First 286 I used had a monochrome Hercules card (or maybe the monitor was monochrome, either way could do EGA or better resolution, but monochrome), but I'd long been using the BBC B microcomputer (which, incidentally, is the first place I used DOS... not ADFS, but actual DOS) which had all the colours you might want (anything from 2 to 8![1]). Which was luxury after the bi-coloured ZX81.
But of course Slink's (department's?) machine was a minicomputer, anything up to a decade before that. Meaning that it was a few years before even the kit-type one (model not remembered) that was my first experience of a computer. But it may have certainly shared the similarities of having to (at least before adding a dedicated memory bridge to tape storage) actually 'bootstrap' the unit by entering at least the first few instructions in via dip-switches. Which means that the process of rebooting the machine won't have been as simple as pressing a 'reset' button and waiting a few seconds for today's variety of POST to happen.
The Hercules monchrome graphics card was a very good card in its day.
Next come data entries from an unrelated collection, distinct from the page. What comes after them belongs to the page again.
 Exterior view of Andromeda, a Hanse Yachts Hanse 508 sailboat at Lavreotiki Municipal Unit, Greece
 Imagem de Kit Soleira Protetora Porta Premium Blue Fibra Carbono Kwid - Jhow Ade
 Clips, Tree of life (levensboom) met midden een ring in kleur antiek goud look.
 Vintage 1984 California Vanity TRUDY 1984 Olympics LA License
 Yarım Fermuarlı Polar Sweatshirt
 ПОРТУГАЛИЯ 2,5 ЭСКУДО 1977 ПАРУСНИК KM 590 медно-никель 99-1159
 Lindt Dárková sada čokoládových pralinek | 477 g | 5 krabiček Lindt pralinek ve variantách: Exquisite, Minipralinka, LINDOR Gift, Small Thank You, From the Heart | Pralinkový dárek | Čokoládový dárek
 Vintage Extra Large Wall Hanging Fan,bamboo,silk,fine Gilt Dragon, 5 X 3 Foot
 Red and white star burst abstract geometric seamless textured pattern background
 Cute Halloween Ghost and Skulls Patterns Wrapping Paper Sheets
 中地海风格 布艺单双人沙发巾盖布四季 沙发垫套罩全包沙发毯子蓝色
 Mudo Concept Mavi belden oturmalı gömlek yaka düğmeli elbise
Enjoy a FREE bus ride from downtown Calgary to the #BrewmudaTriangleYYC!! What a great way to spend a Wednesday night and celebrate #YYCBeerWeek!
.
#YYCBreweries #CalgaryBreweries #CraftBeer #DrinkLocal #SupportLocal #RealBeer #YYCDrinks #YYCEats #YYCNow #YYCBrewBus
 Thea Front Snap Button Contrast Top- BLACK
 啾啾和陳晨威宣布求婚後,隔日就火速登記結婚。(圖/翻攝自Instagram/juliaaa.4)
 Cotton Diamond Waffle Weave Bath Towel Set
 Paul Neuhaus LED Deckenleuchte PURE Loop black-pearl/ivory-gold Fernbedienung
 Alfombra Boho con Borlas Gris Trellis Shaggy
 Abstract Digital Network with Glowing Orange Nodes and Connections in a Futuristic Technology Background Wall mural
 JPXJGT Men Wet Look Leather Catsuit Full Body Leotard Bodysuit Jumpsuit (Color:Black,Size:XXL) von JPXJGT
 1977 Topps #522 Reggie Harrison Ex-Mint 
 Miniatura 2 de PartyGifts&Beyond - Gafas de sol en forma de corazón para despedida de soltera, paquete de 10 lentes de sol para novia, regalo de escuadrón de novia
The problem that it had for games was that it was monochrome. The first PC that we had with a math co-processer also had a Hercules monochrome card. We (my husband and I) used it for scientific graphs.
The PDP-11 did have to be toggled into awakeness. The game program had its own toggles, and the bootstrap for the proper working program had another set. It ran an instrument that we used, and I am embarassed to say that I can no longer remember which instrument that was. I was only there for one year, as a post-doc. I think that whatever instrument the PDP-11 ran was normally used by one of the technicians. I used an ESR spectrometer and sometimes the polarimeter. The ESR belonged to another group, and the polarimeter had no computer, so alas I had no game of my own to play before work started.
Later on I went to work for an oil company. I briefly got to play with an Apple 2E that one of the Senior Scientists had bought for an engineeer who worked for him. She had given me permission to play during lunchtime, but he got angry when he found out, so I had to stop. That was when I built my Heathkit Z-80 at home. I bought Fortran for it, and ran CP/M. Eventually I got a spectrometer in my lab with Perkin-Elmer BASIC, which crossed over to my home PC so I could type in games from Byte and other magazines. By the time I moved to another city with the man I eventually married, I was ready for BASIC in color on Atari-800s, Commondore 64s, and the IBM PCs. Hurrah!